• [Exercise description]:
No pictures go into the copy. Write out every line below exactly.

• [Material provided]:
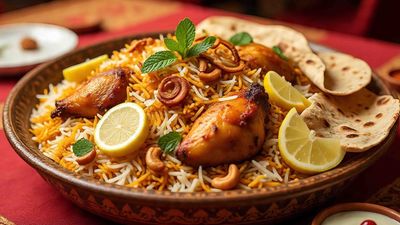 karachi student biryani & murgh pulao pakwan center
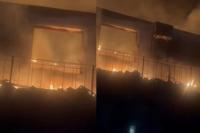 Evacuation Ordered as Wildfire Approaches Albania’s Himara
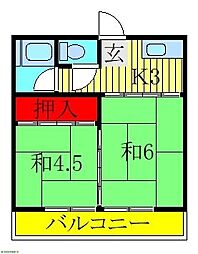 都賀駅 4.1万円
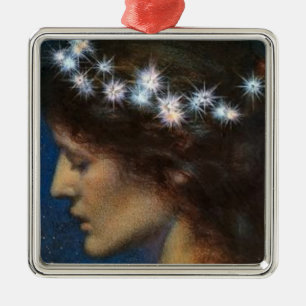 Natten (himlens stjärna) - Ornament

• [Response]:
 karachi student biryani & murgh pulao pakwan center
 Evacuation Ordered as Wildfire Approaches Albania’s Himara
 都賀駅 4.1万円
 Natten (himlens stjärna) - Ornament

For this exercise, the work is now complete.